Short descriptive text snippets

^^^^^^^^

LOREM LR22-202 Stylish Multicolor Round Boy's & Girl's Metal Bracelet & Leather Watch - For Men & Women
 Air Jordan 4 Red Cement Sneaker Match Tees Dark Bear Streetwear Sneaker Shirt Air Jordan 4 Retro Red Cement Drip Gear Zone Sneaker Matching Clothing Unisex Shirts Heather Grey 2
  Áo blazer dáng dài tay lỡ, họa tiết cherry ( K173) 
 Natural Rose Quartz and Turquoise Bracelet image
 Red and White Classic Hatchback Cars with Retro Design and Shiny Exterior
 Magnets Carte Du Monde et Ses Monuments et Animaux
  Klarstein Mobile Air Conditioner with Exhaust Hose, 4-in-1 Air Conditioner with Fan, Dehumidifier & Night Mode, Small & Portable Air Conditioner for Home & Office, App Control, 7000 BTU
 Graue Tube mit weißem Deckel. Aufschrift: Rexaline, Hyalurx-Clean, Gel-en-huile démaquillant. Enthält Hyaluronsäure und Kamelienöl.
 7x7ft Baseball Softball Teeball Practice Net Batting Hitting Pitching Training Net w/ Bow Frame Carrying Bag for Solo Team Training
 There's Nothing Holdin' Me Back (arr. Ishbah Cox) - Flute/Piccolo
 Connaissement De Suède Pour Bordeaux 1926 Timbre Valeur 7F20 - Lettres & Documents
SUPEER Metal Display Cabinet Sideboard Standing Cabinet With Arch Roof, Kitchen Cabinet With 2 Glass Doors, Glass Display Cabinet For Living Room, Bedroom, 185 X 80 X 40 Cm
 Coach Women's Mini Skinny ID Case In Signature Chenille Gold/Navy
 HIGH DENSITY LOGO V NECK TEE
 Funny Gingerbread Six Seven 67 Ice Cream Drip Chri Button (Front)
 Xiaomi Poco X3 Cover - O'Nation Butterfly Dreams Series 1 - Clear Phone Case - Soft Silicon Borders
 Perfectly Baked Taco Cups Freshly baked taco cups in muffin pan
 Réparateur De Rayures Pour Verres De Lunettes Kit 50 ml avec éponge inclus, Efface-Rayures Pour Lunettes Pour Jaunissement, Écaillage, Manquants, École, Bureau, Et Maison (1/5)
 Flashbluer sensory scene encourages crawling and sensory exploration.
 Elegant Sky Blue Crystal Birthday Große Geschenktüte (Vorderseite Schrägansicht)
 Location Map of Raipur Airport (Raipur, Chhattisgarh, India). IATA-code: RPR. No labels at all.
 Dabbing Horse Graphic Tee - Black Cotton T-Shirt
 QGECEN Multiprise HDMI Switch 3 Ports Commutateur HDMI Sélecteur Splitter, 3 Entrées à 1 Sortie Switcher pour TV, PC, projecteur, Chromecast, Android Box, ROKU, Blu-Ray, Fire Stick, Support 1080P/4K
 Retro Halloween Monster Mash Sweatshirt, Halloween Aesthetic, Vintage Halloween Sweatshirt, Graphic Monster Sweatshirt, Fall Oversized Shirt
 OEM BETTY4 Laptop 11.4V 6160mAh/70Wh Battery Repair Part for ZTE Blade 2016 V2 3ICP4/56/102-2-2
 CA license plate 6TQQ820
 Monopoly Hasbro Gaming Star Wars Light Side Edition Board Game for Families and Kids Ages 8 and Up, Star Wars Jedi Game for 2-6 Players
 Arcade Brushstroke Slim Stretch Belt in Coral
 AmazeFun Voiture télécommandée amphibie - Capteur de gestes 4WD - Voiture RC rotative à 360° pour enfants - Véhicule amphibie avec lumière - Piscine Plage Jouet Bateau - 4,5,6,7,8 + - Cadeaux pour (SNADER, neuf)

^^^^^^^^

WHAT IS BEING ASKED
Exact retyping of all the entries is required.

REPLY TO THE TASK
LOREM LR22-202 Stylish Multicolor Round Boy's & Girl's Metal Bracelet & Leather Watch - For Men & Women
 Air Jordan 4 Red Cement Sneaker Match Tees Dark Bear Streetwear Sneaker Shirt Air Jordan 4 Retro Red Cement Drip Gear Zone Sneaker Matching Clothing Unisex Shirts Heather Grey 2
  Áo blazer dáng dài tay lỡ, họa tiết cherry ( K173) 
 Natural Rose Quartz and Turquoise Bracelet image
 Red and White Classic Hatchback Cars with Retro Design and Shiny Exterior
 Magnets Carte Du Monde et Ses Monuments et Animaux
  Klarstein Mobile Air Conditioner with Exhaust Hose, 4-in-1 Air Conditioner with Fan, Dehumidifier & Night Mode, Small & Portable Air Conditioner for Home & Office, App Control, 7000 BTU
 Graue Tube mit weißem Deckel. Aufschrift: Rexaline, Hyalurx-Clean, Gel-en-huile démaquillant. Enthält Hyaluronsäure und Kamelienöl.
 7x7ft Baseball Softball Teeball Practice Net Batting Hitting Pitching Training Net w/ Bow Frame Carrying Bag for Solo Team Training
 There's Nothing Holdin' Me Back (arr. Ishbah Cox) - Flute/Piccolo
 Connaissement De Suède Pour Bordeaux 1926 Timbre Valeur 7F20 - Lettres & Documents
SUPEER Metal Display Cabinet Sideboard Standing Cabinet With Arch Roof, Kitchen Cabinet With 2 Glass Doors, Glass Display Cabinet For Living Room, Bedroom, 185 X 80 X 40 Cm
 Coach Women's Mini Skinny ID Case In Signature Chenille Gold/Navy
 HIGH DENSITY LOGO V NECK TEE
 Funny Gingerbread Six Seven 67 Ice Cream Drip Chri Button (Front)
 Xiaomi Poco X3 Cover - O'Nation Butterfly Dreams Series 1 - Clear Phone Case - Soft Silicon Borders
 Perfectly Baked Taco Cups Freshly baked taco cups in muffin pan
 Réparateur De Rayures Pour Verres De Lunettes Kit 50 ml avec éponge inclus, Efface-Rayures Pour Lunettes Pour Jaunissement, Écaillage, Manquants, École, Bureau, Et Maison (1/5)
 Flashbluer sensory scene encourages crawling and sensory exploration.
 Elegant Sky Blue Crystal Birthday Große Geschenktüte (Vorderseite Schrägansicht)
 Location Map of Raipur Airport (Raipur, Chhattisgarh, India). IATA-code: RPR. No labels at all.
 Dabbing Horse Graphic Tee - Black Cotton T-Shirt
 QGECEN Multiprise HDMI Switch 3 Ports Commutateur HDMI Sélecteur Splitter, 3 Entrées à 1 Sortie Switcher pour TV, PC, projecteur, Chromecast, Android Box, ROKU, Blu-Ray, Fire Stick, Support 1080P/4K
 Retro Halloween Monster Mash Sweatshirt, Halloween Aesthetic, Vintage Halloween Sweatshirt, Graphic Monster Sweatshirt, Fall Oversized Shirt
 OEM BETTY4 Laptop 11.4V 6160mAh/70Wh Battery Repair Part for ZTE Blade 2016 V2 3ICP4/56/102-2-2
 CA license plate 6TQQ820
 Monopoly Hasbro Gaming Star Wars Light Side Edition Board Game for Families and Kids Ages 8 and Up, Star Wars Jedi Game for 2-6 Players
 Arcade Brushstroke Slim Stretch Belt in Coral
 AmazeFun Voiture télécommandée amphibie - Capteur de gestes 4WD - Voiture RC rotative à 360° pour enfants - Véhicule amphibie avec lumière - Piscine Plage Jouet Bateau - 4,5,6,7,8 + - Cadeaux pour (SNADER, neuf)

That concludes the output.